In the wake of Columbine, some people who were prominent at the time - Newt Gingrich and Tom DeLay in particular - went on record blaming "liberalism" and the theory of evolution, respectively, for the events. While it might seem far better to pass over nonsense like this in silent derision, we should note that Gingrich, at least, is still appearing on television, still mouthing off. It might not be a bad idea on this tenth anniversary of these horrible events to ask him about his views in light of the information now available. While I doubt contrition would occur, it might be at least possible that he would admit the facts are far different from what we were given at the time.
What's most surprising about this detailed report is how unsurprising it all is. That one of the pair was a full-fledged psychopath, the other a clinically depressed youth, easily manipulated perhaps by his more flamboyant and intelligent partner makes far more sense than the whole "bullied-goths-and-gamers-getting-revenge" scenario. This latter fiction, created as much by a lack of facts and treating high school rumor and confession as having any merit at all, served only to confuse matters. The author of this summary is to be commended for putting in the public realm a wonderful summary of the reality behind the many myths of that very horrible day.

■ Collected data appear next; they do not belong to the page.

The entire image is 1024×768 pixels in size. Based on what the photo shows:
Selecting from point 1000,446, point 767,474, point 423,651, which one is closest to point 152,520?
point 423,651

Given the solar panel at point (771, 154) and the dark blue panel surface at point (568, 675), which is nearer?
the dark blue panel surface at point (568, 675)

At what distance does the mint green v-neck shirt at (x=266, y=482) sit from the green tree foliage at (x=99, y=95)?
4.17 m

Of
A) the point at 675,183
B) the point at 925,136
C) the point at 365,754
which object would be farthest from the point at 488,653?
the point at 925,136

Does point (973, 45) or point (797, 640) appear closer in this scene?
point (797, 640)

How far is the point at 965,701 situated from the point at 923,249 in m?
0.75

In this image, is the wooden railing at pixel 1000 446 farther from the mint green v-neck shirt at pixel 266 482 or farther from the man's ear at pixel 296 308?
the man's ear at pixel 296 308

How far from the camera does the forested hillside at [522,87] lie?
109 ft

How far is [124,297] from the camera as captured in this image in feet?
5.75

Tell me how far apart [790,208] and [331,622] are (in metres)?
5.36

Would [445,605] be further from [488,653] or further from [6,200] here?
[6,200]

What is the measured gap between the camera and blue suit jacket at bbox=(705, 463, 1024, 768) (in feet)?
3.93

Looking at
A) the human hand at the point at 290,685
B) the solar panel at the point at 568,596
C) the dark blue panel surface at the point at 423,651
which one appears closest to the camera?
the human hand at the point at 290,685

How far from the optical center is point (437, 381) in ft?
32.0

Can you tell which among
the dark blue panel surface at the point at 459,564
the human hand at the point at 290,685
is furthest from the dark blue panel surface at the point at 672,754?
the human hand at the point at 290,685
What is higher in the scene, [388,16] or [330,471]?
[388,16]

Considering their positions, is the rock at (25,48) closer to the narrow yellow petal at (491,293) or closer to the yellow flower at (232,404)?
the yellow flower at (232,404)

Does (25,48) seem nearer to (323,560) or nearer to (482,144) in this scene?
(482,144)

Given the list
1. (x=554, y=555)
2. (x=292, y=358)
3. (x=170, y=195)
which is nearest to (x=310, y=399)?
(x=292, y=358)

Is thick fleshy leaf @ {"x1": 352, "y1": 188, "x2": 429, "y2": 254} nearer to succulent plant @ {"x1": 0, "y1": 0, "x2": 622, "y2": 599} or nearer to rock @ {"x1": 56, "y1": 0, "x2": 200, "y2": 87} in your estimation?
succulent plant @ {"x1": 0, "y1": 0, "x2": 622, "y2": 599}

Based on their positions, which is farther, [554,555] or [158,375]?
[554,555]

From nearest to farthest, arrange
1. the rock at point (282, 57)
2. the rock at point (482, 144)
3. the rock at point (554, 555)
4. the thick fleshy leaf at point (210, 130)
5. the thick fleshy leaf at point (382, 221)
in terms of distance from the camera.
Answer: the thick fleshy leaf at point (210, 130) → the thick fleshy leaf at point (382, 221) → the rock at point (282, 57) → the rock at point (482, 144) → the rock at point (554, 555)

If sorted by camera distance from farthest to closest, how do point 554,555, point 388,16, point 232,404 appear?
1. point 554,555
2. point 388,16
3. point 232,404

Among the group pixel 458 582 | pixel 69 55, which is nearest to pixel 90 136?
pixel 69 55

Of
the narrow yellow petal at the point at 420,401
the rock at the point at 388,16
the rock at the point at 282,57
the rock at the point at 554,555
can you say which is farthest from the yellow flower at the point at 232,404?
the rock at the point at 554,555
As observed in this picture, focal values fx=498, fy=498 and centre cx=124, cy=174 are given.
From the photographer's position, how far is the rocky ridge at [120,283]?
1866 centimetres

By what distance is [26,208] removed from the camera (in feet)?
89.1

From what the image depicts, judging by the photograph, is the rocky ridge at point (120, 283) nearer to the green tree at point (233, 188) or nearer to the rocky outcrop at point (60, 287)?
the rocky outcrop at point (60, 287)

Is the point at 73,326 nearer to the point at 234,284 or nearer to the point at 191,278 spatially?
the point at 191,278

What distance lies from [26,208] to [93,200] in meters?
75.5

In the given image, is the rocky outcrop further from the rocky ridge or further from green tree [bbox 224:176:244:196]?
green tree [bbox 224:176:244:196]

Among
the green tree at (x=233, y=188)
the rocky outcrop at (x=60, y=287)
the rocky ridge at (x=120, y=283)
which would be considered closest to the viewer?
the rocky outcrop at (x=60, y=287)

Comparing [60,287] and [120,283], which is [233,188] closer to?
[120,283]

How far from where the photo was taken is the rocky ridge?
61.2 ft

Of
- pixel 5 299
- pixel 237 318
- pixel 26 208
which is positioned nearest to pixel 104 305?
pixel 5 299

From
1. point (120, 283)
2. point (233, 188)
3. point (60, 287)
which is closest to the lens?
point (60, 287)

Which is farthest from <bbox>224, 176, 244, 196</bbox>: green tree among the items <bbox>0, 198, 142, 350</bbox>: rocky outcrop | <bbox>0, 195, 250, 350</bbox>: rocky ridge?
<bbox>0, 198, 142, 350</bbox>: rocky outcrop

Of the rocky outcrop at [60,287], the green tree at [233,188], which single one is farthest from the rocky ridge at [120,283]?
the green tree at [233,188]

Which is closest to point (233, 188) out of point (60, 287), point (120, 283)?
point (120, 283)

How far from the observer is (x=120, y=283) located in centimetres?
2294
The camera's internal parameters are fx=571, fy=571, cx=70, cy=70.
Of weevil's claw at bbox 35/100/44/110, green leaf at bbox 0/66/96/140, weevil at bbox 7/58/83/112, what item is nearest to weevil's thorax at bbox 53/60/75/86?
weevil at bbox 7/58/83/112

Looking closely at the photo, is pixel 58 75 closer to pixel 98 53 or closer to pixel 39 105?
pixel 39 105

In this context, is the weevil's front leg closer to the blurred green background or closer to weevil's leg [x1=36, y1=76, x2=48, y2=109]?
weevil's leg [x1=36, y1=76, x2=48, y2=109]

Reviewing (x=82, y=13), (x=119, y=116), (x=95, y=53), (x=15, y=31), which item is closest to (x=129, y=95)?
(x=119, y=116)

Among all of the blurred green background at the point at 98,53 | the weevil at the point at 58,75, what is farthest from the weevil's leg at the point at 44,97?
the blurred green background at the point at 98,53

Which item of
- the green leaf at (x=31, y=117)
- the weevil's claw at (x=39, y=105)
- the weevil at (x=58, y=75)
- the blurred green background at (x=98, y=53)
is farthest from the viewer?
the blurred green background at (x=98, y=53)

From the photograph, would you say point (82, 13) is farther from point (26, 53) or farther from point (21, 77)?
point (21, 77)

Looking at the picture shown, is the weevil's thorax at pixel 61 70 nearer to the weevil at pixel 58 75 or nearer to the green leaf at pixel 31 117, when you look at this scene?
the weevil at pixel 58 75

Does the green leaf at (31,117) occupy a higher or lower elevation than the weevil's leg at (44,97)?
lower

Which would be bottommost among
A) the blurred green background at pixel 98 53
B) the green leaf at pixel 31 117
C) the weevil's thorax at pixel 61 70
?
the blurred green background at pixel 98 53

They weren't goths or loners.
The two teenagers who killed 13 people and themselves at suburban Denver's Columbine High School 10 years ago next week weren't in the "Trenchcoat Mafia," disaffected videogamers who wore cowboy dusters. The killings ignited a national debate over bullying, but the record now shows Eric Harris and Dylan Klebold hadn't been bullied — in fact, they had bragged in diaries about picking on freshmen and "fags."
--snip--
A decade after Harris and Klebold made Columbine a synonym for rage, new information — including several books that analyze the tragedy through diaries, e-mails, appointment books, videotape, police affidavits and interviews with witnesses, friends and survivors — indicate that much of what the public has been told about the shootings is wrong.
--snip--
What's left, after peeling away a decade of myths, is perhaps more comforting than the "good kids harassed into retaliation" narrative — or perhaps not.
It's a portrait of Harris and Klebold as a sort of In Cold Blood criminal duo — a deeply disturbed, suicidal pair who over more than a year psyched each other up for an Oklahoma City-style terrorist bombing, an apolitical, over-the-top revenge fantasy against years of snubs, slights and cruelties, real and imagined.

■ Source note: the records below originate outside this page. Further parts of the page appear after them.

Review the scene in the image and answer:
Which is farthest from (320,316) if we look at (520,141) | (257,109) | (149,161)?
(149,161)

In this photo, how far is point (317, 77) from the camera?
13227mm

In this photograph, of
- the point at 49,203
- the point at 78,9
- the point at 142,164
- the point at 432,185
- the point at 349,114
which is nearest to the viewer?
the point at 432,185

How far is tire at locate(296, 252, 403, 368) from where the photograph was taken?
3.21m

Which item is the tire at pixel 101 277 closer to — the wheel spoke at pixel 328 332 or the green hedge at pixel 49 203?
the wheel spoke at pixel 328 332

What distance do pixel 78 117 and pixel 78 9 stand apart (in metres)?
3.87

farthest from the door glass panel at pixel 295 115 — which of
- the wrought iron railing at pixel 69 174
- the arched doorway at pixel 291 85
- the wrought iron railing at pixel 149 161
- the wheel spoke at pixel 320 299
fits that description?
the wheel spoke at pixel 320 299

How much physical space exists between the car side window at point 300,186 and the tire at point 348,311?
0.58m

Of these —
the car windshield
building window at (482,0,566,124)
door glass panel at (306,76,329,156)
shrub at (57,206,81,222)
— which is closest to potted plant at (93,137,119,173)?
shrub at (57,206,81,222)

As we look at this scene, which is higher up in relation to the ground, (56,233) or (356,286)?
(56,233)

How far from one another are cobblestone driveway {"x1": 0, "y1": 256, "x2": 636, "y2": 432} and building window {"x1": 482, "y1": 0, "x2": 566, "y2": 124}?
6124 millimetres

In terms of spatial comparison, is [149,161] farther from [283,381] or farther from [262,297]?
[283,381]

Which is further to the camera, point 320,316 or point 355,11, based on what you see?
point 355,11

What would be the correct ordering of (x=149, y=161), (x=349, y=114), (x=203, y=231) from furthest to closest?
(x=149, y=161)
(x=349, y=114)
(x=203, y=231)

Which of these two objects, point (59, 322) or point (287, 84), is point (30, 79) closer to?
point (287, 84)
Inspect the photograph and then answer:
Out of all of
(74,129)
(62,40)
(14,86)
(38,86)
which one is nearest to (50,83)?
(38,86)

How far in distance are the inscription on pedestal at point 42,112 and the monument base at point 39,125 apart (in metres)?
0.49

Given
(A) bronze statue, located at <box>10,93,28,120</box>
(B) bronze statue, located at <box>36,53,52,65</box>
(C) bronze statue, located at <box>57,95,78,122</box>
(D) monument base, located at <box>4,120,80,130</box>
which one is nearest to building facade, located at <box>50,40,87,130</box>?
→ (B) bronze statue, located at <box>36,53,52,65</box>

Along the way, they saved money from after-school jobs, took Advanced Placement classes, assembled a small arsenal and fooled everyone — friends, parents, teachers, psychologists, cops and judges.

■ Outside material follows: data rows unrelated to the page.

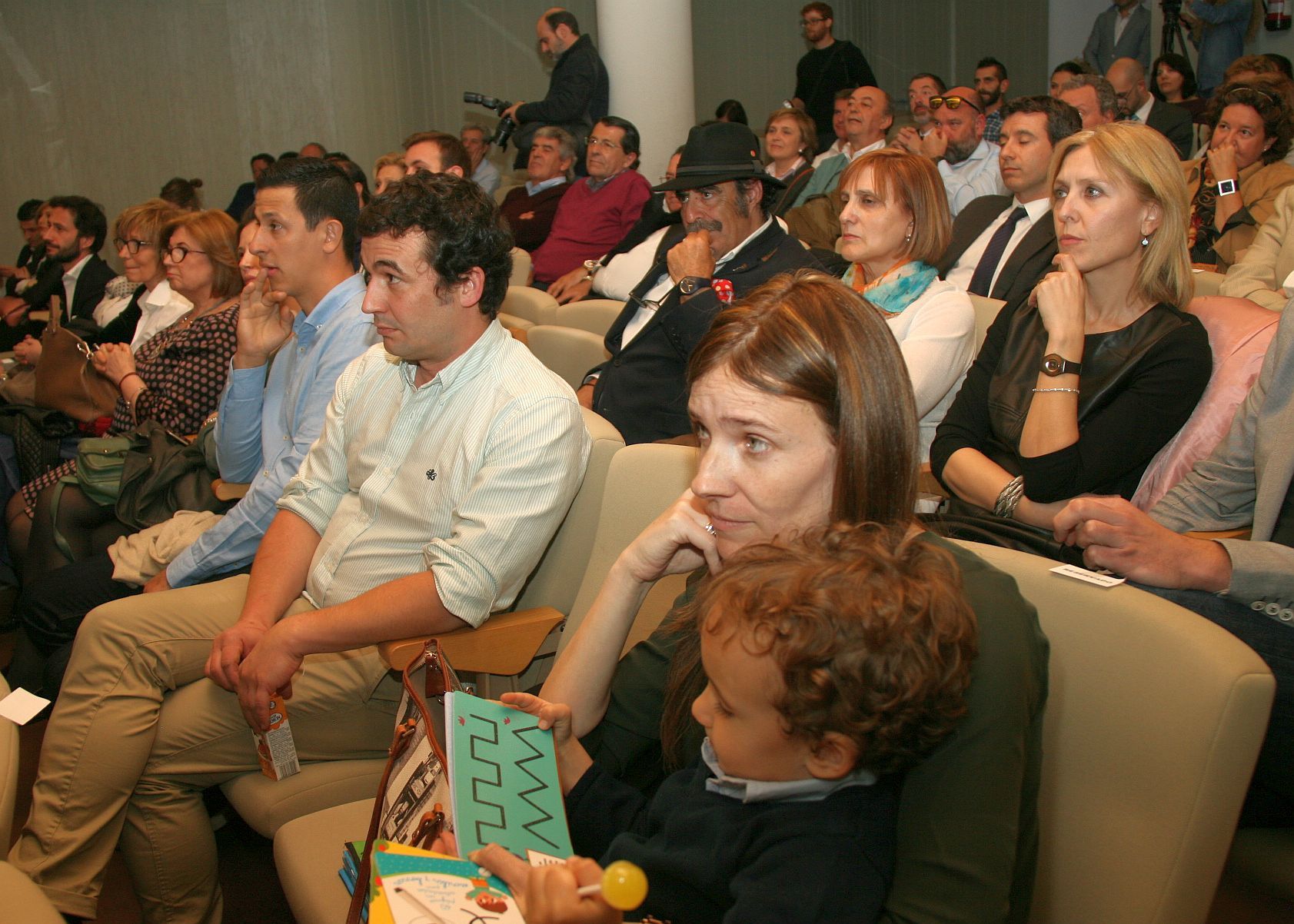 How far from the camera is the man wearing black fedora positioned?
114 inches

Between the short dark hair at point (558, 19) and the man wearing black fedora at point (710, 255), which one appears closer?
the man wearing black fedora at point (710, 255)

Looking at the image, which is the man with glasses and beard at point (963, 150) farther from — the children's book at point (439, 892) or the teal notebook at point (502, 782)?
Answer: the children's book at point (439, 892)

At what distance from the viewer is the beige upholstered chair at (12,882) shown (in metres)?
1.22

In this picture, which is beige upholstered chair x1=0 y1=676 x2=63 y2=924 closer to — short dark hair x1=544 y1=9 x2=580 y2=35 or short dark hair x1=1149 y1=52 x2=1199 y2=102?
short dark hair x1=544 y1=9 x2=580 y2=35

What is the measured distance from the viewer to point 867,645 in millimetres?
905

"These are not ordinary kids who were bullied into retaliation," psychologist Peter Langman writes in his new book, Why Kids Kill: Inside the Minds of School Shooters. "These are not ordinary kids who played too many video games. These are not ordinary kids who just wanted to be famous. These are simply not ordinary kids. These are kids with serious psychological problems."
--snip--
At the time, Columbine became a kind of giant national Rorschach test. Observers saw its genesis in just about everything: lax parenting, lax gun laws, progressive schooling, repressive school culture, violent video games, antidepressant drugs and rock 'n' roll, for starters.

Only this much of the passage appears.